---- Supplied material

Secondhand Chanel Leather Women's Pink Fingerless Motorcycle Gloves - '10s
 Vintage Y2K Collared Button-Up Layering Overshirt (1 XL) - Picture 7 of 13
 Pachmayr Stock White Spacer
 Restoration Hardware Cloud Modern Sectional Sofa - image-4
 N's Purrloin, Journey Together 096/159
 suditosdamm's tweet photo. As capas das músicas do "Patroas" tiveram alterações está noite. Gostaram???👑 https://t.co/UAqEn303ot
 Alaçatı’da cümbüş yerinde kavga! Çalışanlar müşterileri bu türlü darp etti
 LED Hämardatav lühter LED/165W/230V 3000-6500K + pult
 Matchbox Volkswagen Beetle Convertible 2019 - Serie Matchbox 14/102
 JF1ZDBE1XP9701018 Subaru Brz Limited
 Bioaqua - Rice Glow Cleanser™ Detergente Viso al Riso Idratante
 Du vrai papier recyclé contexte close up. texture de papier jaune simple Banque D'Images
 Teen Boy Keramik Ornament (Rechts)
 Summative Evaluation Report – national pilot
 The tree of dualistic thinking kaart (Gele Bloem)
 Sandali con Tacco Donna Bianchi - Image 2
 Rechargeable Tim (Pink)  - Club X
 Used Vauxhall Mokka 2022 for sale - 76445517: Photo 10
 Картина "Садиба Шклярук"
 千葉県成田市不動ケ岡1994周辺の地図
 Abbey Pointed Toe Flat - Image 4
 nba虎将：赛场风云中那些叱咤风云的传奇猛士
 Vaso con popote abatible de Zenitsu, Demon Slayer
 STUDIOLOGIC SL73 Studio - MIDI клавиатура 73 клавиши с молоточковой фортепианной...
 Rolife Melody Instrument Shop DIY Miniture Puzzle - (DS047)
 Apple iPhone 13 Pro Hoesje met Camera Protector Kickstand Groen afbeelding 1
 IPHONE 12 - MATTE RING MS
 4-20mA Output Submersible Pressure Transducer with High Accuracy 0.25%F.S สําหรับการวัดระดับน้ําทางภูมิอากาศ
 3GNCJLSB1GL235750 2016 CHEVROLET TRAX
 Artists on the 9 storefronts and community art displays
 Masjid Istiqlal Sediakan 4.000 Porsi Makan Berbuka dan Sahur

--------

Every line above should be written out again exactly as it stands.

Secondhand Chanel Leather Women's Pink Fingerless Motorcycle Gloves - '10s
 Vintage Y2K Collared Button-Up Layering Overshirt (1 XL) - Picture 7 of 13
 Pachmayr Stock White Spacer
 Restoration Hardware Cloud Modern Sectional Sofa - image-4
 N's Purrloin, Journey Together 096/159
 suditosdamm's tweet photo. As capas das músicas do "Patroas" tiveram alterações está noite. Gostaram???👑 https://t.co/UAqEn303ot
 Alaçatı’da cümbüş yerinde kavga! Çalışanlar müşterileri bu türlü darp etti
 LED Hämardatav lühter LED/165W/230V 3000-6500K + pult
 Matchbox Volkswagen Beetle Convertible 2019 - Serie Matchbox 14/102
 JF1ZDBE1XP9701018 Subaru Brz Limited
 Bioaqua - Rice Glow Cleanser™ Detergente Viso al Riso Idratante
 Du vrai papier recyclé contexte close up. texture de papier jaune simple Banque D'Images
 Teen Boy Keramik Ornament (Rechts)
 Summative Evaluation Report – national pilot
 The tree of dualistic thinking kaart (Gele Bloem)
 Sandali con Tacco Donna Bianchi - Image 2
 Rechargeable Tim (Pink)  - Club X
 Used Vauxhall Mokka 2022 for sale - 76445517: Photo 10
 Картина "Садиба Шклярук"
 千葉県成田市不動ケ岡1994周辺の地図
 Abbey Pointed Toe Flat - Image 4
 nba虎将：赛场风云中那些叱咤风云的传奇猛士
 Vaso con popote abatible de Zenitsu, Demon Slayer
 STUDIOLOGIC SL73 Studio - MIDI клавиатура 73 клавиши с молоточковой фортепианной...
 Rolife Melody Instrument Shop DIY Miniture Puzzle - (DS047)
 Apple iPhone 13 Pro Hoesje met Camera Protector Kickstand Groen afbeelding 1
 IPHONE 12 - MATTE RING MS
 4-20mA Output Submersible Pressure Transducer with High Accuracy 0.25%F.S สําหรับการวัดระดับน้ําทางภูมิอากาศ
 3GNCJLSB1GL235750 2016 CHEVROLET TRAX
 Artists on the 9 storefronts and community art displays
 Masjid Istiqlal Sediakan 4.000 Porsi Makan Berbuka dan Sahur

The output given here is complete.